She rarely opens up about her past, however, preferring to look forward. That chapter is with Staley, chasing a national title.
While Cuevas-Moore said nothing could compare to her relationship with Paschall, she has found a new family member in her college coach.
“She acts like she is my aunt,” the 5-foot-6 Cuevas-Moore said in a phone interview before South Carolina’s NCAA women’s championship game on Sunday in Dallas against Mississippi State, which is coming off a massive 66-64 overtime upset of UConn. “She gets on me one day and then the next time she’s like loving.”
Cuevas-Moore described Staley and Paschall as both “crazy” in a good of way. They pushed to get the best from her.
“Even though they are mad at the moment, they want you to be better,” she said. “[You] just know that they weren’t going to tolerate certain things.”
That tough love allowed Cuevas-Moore to excel at South Carolina in a different role.
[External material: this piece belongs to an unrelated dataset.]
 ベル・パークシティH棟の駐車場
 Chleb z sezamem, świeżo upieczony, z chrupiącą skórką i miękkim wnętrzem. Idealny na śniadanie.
She averaged just six points in 16 minutes per game off the bench over her first two seasons and averaged seven points per game in the NCAA Tournament to helping the team reach the Final Four as a freshman.
She could have chased personal success elsewhere, but instead stuck it out and embraced whatever role she was given. Winning was more important to her.
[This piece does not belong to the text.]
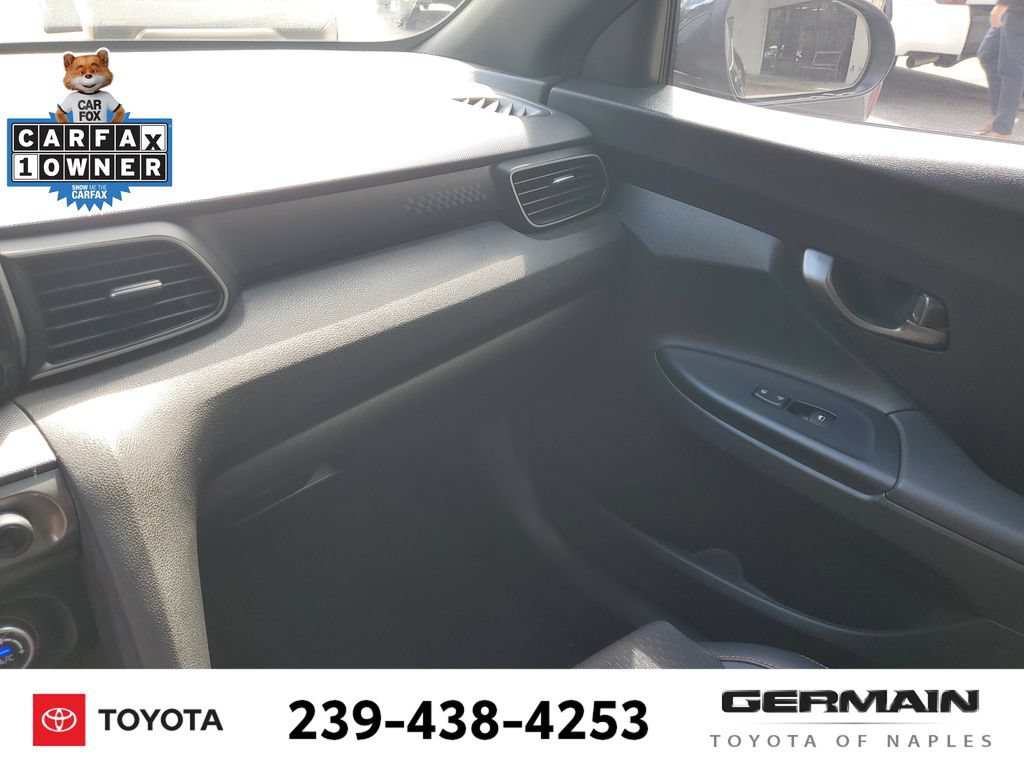 Used 2019 Hyundai Veloster Turbo FWD image 35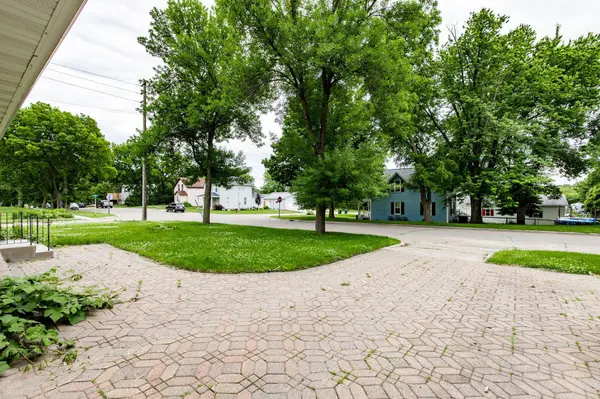 706 W Stanton AVE, Fergus Falls, MN 56537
“I’ve matured a lot,” she said. “I understand things better now. … On and off the court I see the bigger picture in things now.”
Cuevas-Moore was in and out of the starting lineup until an injury to forward Alaina Coates put her back in the first five for the postseason. Cuevas-Moore is averaging 8.4 points per game and leads the No. 1-seeded Gamecocks (31-4) in steals with 57. She scored 18 points in South Carolina’s tournament opener and her defense has been important to the team’s success.
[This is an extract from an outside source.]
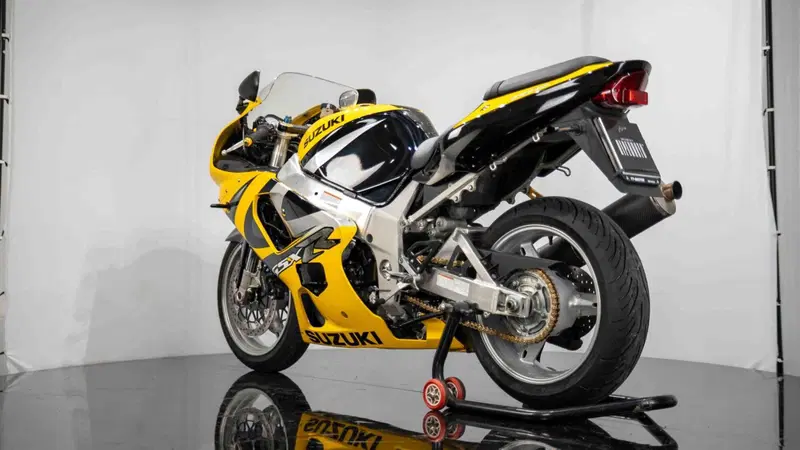 Suzuki GSX R 750 (1999 - 03) (9)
“I think she’s at a good place where she’s understanding how to play fast to slow to fast, and understanding the pace she needs to play,” Staley told The Post and Courier before the season. “Once she gets that under control, she’s going to be really a hard guard to stop.”
Cuevas-Moore is poised to win a national title and attain a college degree in criminal justice, a position those at home always hoped she would be in. But they didn’t know for sure she would get there with all the adversity she went through.
“This could have went totally the opposite direction,” Kelley said. “Bianca could have been another New York City statistic.
“It’s really, really hard to have lived the life that Bianca has lived and to achieve the things that she has achieved so far.”